Letzteres wäre mir eindeutig lieber, aber das Leben ist mir wie immer nicht wohl gesonnen genug, um mir diesen Wunsch auch zu erfüllen. >>Schon gut, Cameron. Aber jetzt zu dir, meine Liebe. Wo warst du denn die ganze Zeit? Daimon und ich haben auf dich gewartet! Schließlich dauert der Ball nicht ewig und ich möchte euch beide noch tanzen sehen, bevor ich mit geschlossenen Augen im Sarg liege. Bestmöglich will ich nämlich auch noch ein Gast auf eurer Hochzeit sein, also solltet ihr wirklich aufhören euch so zu zieren und anfangen in die Gänge zu kommen! Ich weiß, so eine Hass-Liebe ist besonders temperamentvoll und schwierig, aber wir wollen das Feuer ja auch nicht ausbrennen lassen, bevor es richtig anfängt. Nicht wahr?<<, quasselt die Königin mal wieder ohne Punkt und Komma auf mich ein. Ich bin mir nicht sicher, ob mein Gehirn fähig ist, alle Informationen in dieser Schnelligkeit aufzunehmen, aber es ist wohl besser, wenn ich einige Sachen einfach überhöre. So oder so, es ist Zeit die Notbremse zu ziehen.

>>Juliana, ich bitte dich, das mit Daimon und mir wird nichts, okay? Zum einen verstehen wir uns nicht besonders gut und zum anderen sind wir viel zu unterschiedlich, um ein gutes Paar abzugeben. Dieses Feuer, das du da zu sehen scheinst, ist bloß leicht entzündliche Luft, die entsteht, wenn zwei Menschen sich nicht länger als zehn Minuten allein im selben Raum aufhalten können, ohne dem anderen an den Kragen zu gehen. Das nennt man mürrische Spannung und nicht komplizierte Liebe<<, versuche ich ihr das Ganze bestmöglich zu verklickern.

Erst jetzt fällt mir auf, dass ich durch Julianas Anwesenheit nicht nur neue Faimon Kommentare zu hören bekomme, sondern auch die Möglichkeit verpasst habe, zu erfahren, weswegen Cameron sich mir anvertraut hat. Und diese Frage brennt mir beinahe die Haut unter den Fingernägeln weg. Es kann ja sein, dass es Menschen gibt, die offener mit Fremden umgehen, aber dass mir der Prinz nach meiner direkten Frage gleich sein größtes Geheimnis entgegenschleudert, kommt mir schon sehr seltsam vor.
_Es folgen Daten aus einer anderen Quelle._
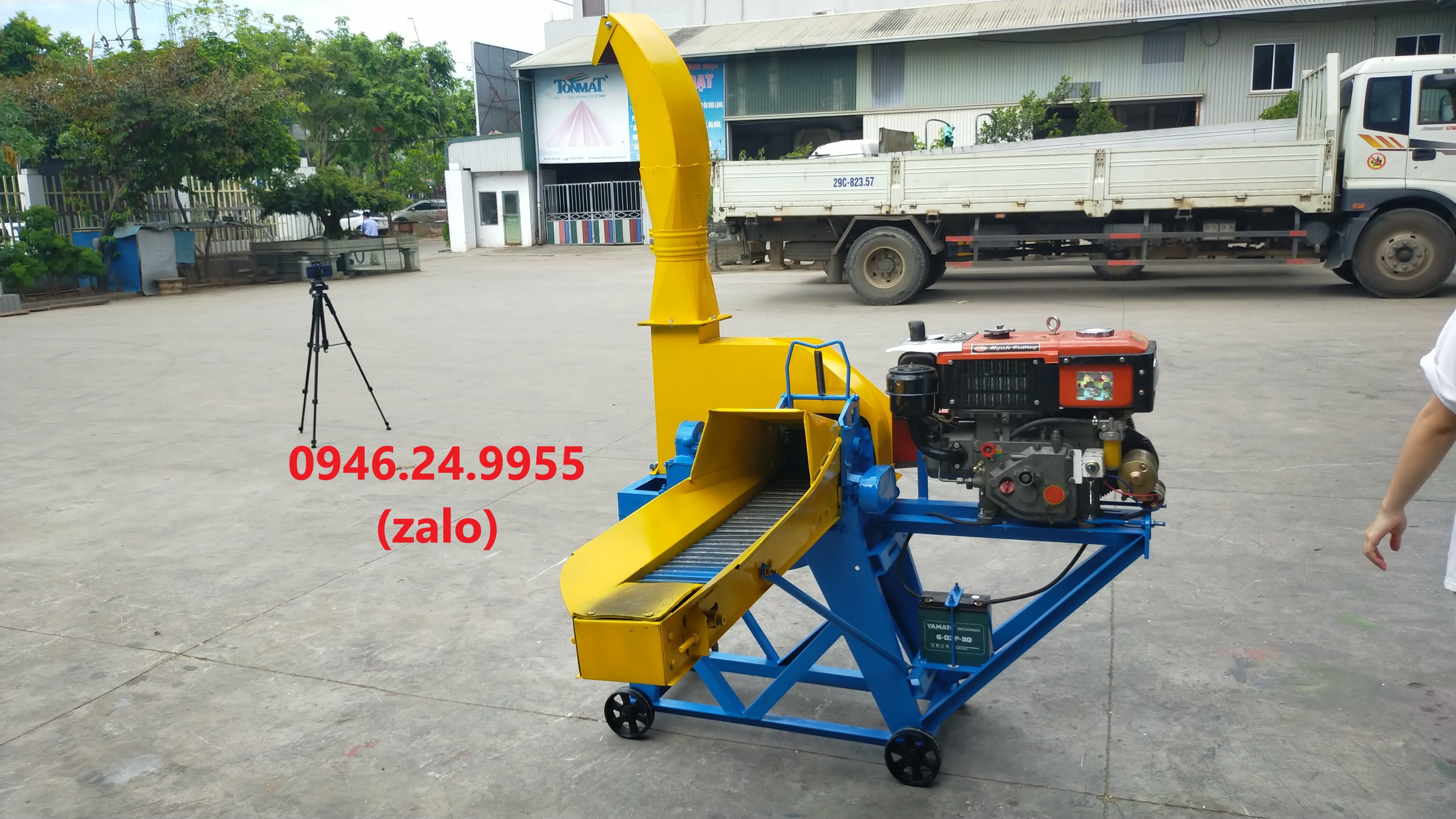 Máy băm cỏ công nghiệp năng suất khoảng 2 tấn/h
Leider muss ich dieses Rätsel aber auf einen anderen Zeitpunkt verschieben, da hier gerade ein seifenopernwürdiges Verkupplungsdrama aufzieht und mich ins Zentrum nehmen möchte, wie das Auge eines Tornados. >>Sicher, dass du nicht sexuelle Spannung meintest?<<, fragt Cameron in seinem besten Unschuldston, was das Bedürfnis ,ihm einen hübschen Schlag auf den Oberarm zu verpassen nicht im Geringsten mindert. Eigentlich hatte ich auch vor mein selbstauferlegtes Gewaltverbot zu brechen, aber natürlich muss auch seine Mutter, auf meine Antwort, einen Kommentar abgeben.